What the task requires -
Pictures must not appear in the copy. Restate exactly the lines below from the one with "Custom Stylish Monogram" through the one with "Giant Bean Bag", inclusive.
Top of The input
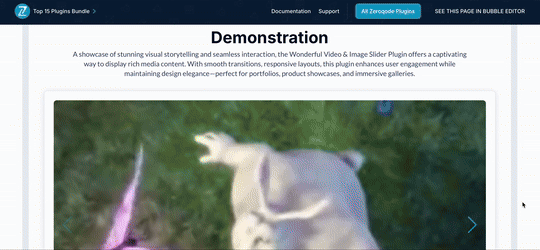 Image Slider / Media Gallery Pro Plugin for Bubble preview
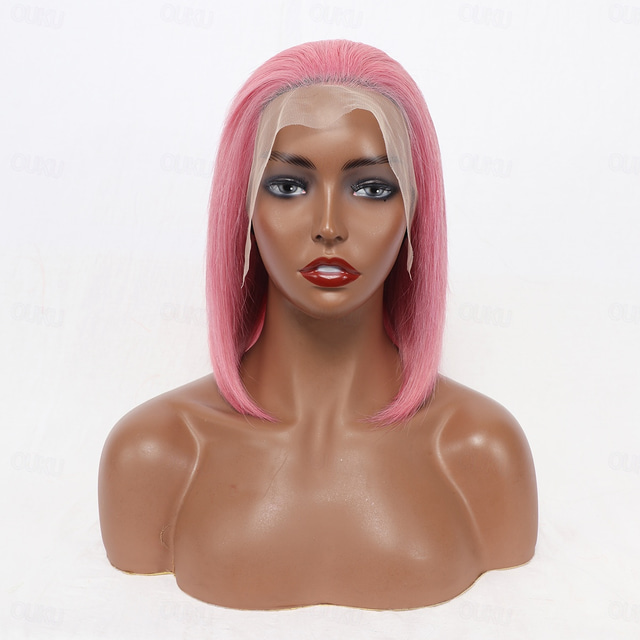  parrucca bob rosa caldo capelli umani 13x4 parrucche anteriori in pizzo hd parrucche frontali in pizzo caschetto corto per donne nere pre pizzicate con i capelli del bambino densità del 180% 12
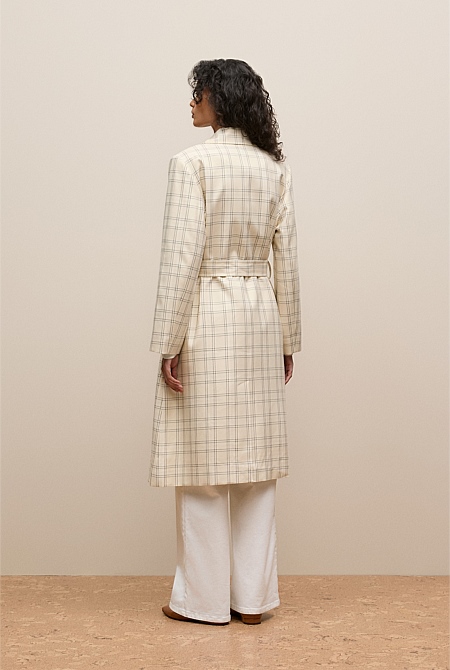 Yarn Dyed Check Trench Coat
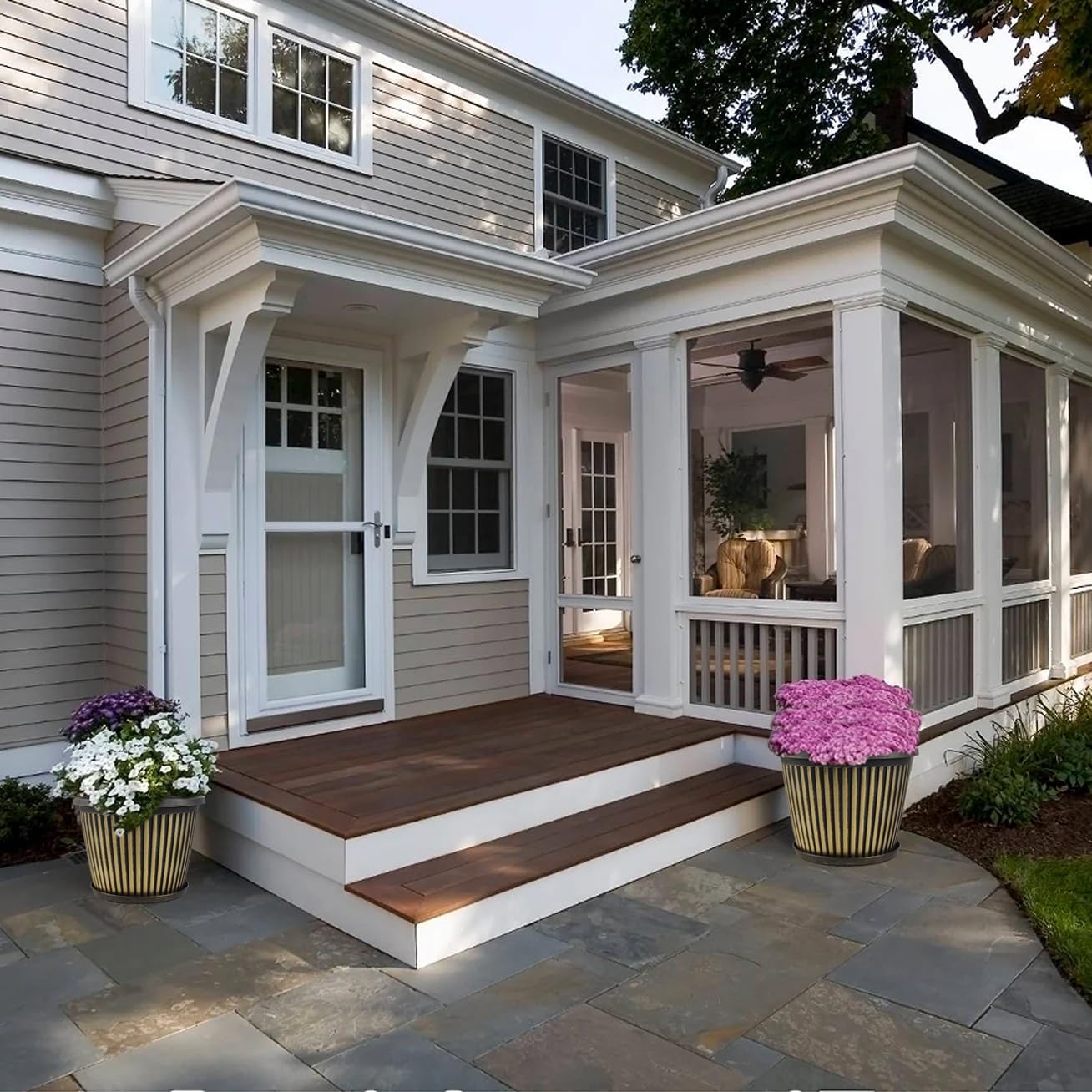 Large-Planter-Indoor-Outdoor Plant Pots, 14 inch 4 Pack Plastic Flower Pots with Saucer And Drainage Holes, Modern Garden Planters For Planting Medium Large Plants， Decorative Resin Garden Pots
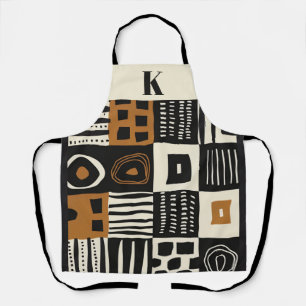Custom Stylish Monogram African Mud Cloth Print  Apron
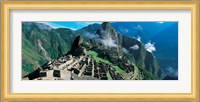 High angle view of ruins of ancient buildings, Inca Ruins, Machu Picchu, Peru Fine Art Print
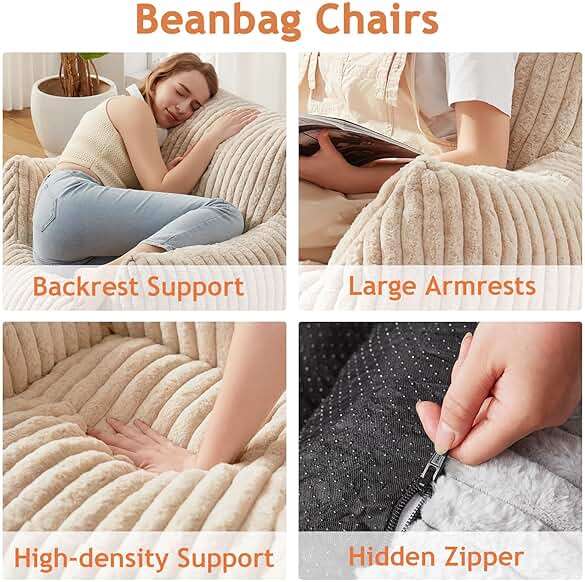 Giant Bean Bag Chairs for Adults Teens with Filling Large Fluffy Bean Bag Chair with Armrests Plush Comfy BeanBag Couch Sofa Chair for Bedroom Living Room Reading - Image 4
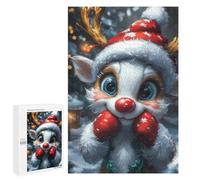 Jigsaw Puzzle 1000 PCS Cute Christmas Reindeer Funny Adult Puzzles Toy Wall Decor Birthday Present Deal As Gifts for The Whole Family 1000 PCS
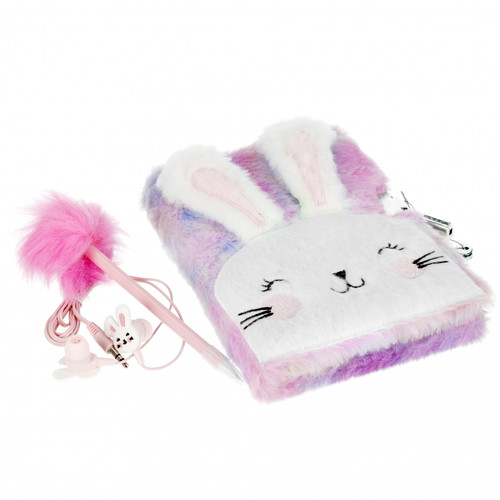 Plush Diary with Padlock, Pen & Headphones - Bunny, assorted colours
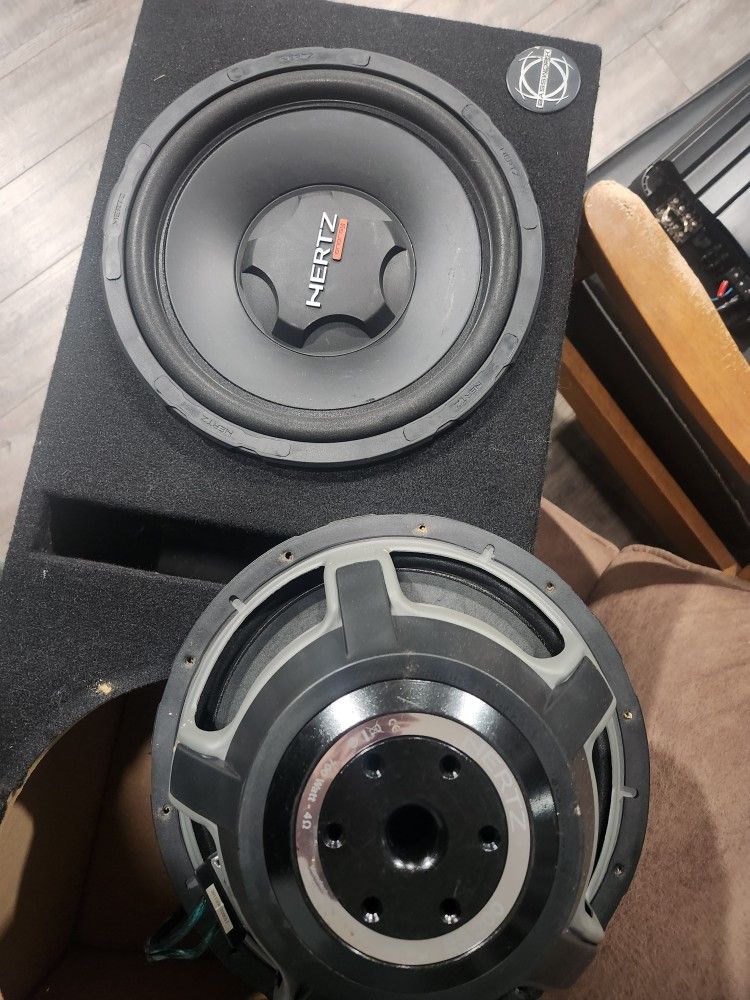 Hertz ES300 2x12" Subwoofer 700 Watts 4ohm w Finished Custom Box And Alpine Amp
Bottom of The input
Solved exercise -
Custom Stylish Monogram African Mud Cloth Print  Apron
 High angle view of ruins of ancient buildings, Inca Ruins, Machu Picchu, Peru Fine Art Print
 Giant Bean Bag Chairs for Adults Teens with Filling Large Fluffy Bean Bag Chair with Armrests Plush Comfy BeanBag Couch Sofa Chair for Bedroom Living Room Reading - Image 4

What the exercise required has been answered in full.